Gamers, ever since our founding, we have prided ourselves on advancing the position that video games are great. We are not neutral on this subject, nor have we allowed ourselves to ever falter in letting the world know that games and the people who play them are awesome. Yet, a recent incident in Agra, India has forced our hand. Earlier this morning, someone spray-painted “GAMERS RULE” across the entire front of the Taj Mahal, and while we generally agree with this sentiment, we have to stand up to say it’s a pretty messed up thing to deface a landmark with this much cultural value.
It’s not that we don’t sympathize with loving video games and gamers. We really do. It’s just that the whole facade of the Taj Mahal is probably not the best medium to communicate that idea.
Look, you know us. We fervently believe that gamers rule, and we understand why the graffiti’s author would get the irrepressible feeling that more people should know this. But this is a UNESCO heritage site with nearly 400 years of history we’re talking about. The message scrawled onto it could be anything and we would still condemn it. If someone had spray-painted “game are bad” over its famous Mughal architecture, we would immediately issue a statement decrying this sentiment. In fact, we would condemn it more.
Now, are there reasons to support the anonymous author of this 500-foot-wide message? Of course. The Taj Mahal attracts eight million visitors per year, and each and every one of them will now be conscious of the vital message that gamers rule. It’s a fact that needs to be disseminated as far and wide as possible in these trying times. Perhaps gamers from around the globe will even travel to Uttar Pradesh and gather in the building’s shadow to take in the “GAMERS RULE” graffiti and pay tribute to our gaming community.
Nonetheless, there had to have been a better way to express this feeling than scrawling it across Emperor Shah Jahan’s tomb to his wife Mumtaz Mahal. As a thought experiment, consider what it would be like if someone broke into your house overnight and keyed “Stephen King Is Great” into your Xbox, PS4, or Switch. Would you like that? Of course not. No one has the right to deface your most beloved object. And that’s exactly what the curators and devotees of the Taj Mahal are feeling now.

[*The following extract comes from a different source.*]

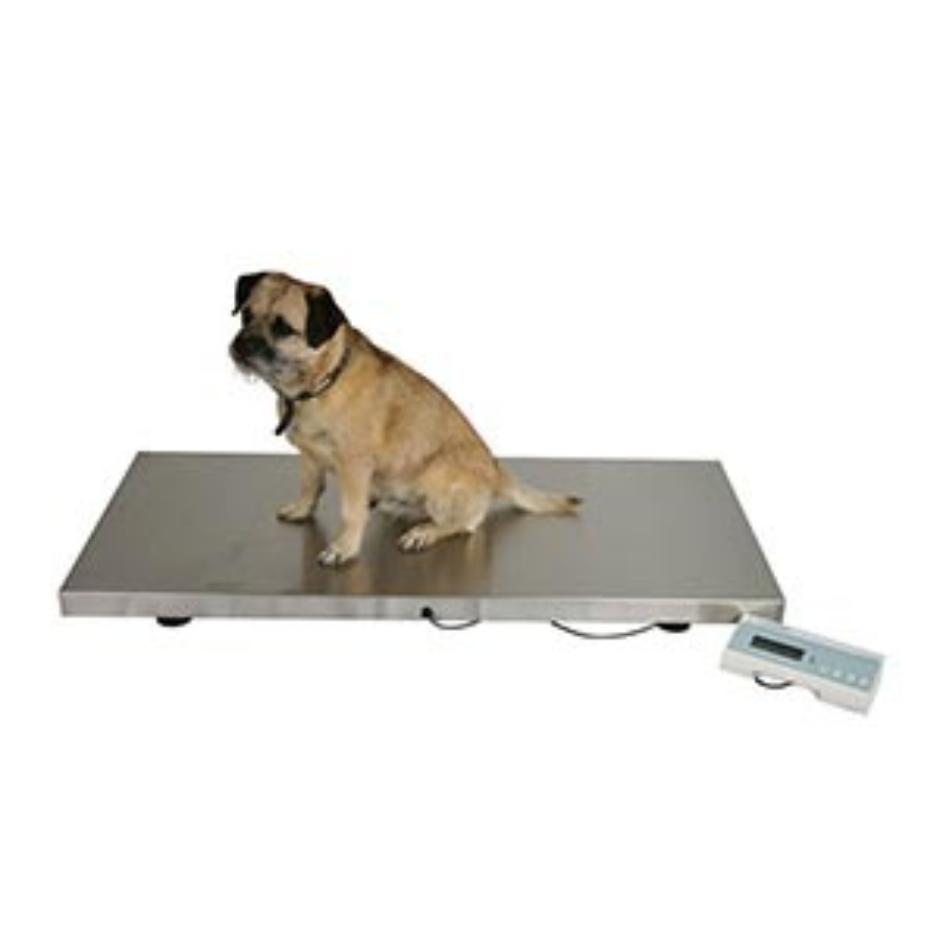 https://www.marsden-weighing.co.uk/storage/images/products/marsden-v-250-large-veterinary-scale/_940x940_fit_center-center_75_none/Marsden-V-250-Large-Pet-Veterinary-Scale-2.jpg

With that said, we obviously condemn the Indian government for employing a team of restorers and antiquity experts to wash away the message—a blatant erasure of gaming history in an era when more people than ever before need to see the phrase, “GAMERS RULE.” In this sense, we stand in solidarity with this graffiti’s anonymous author and aim to file a petition for the UN to make the words “GAMERS RULE” a permanent part of the Taj Mahal.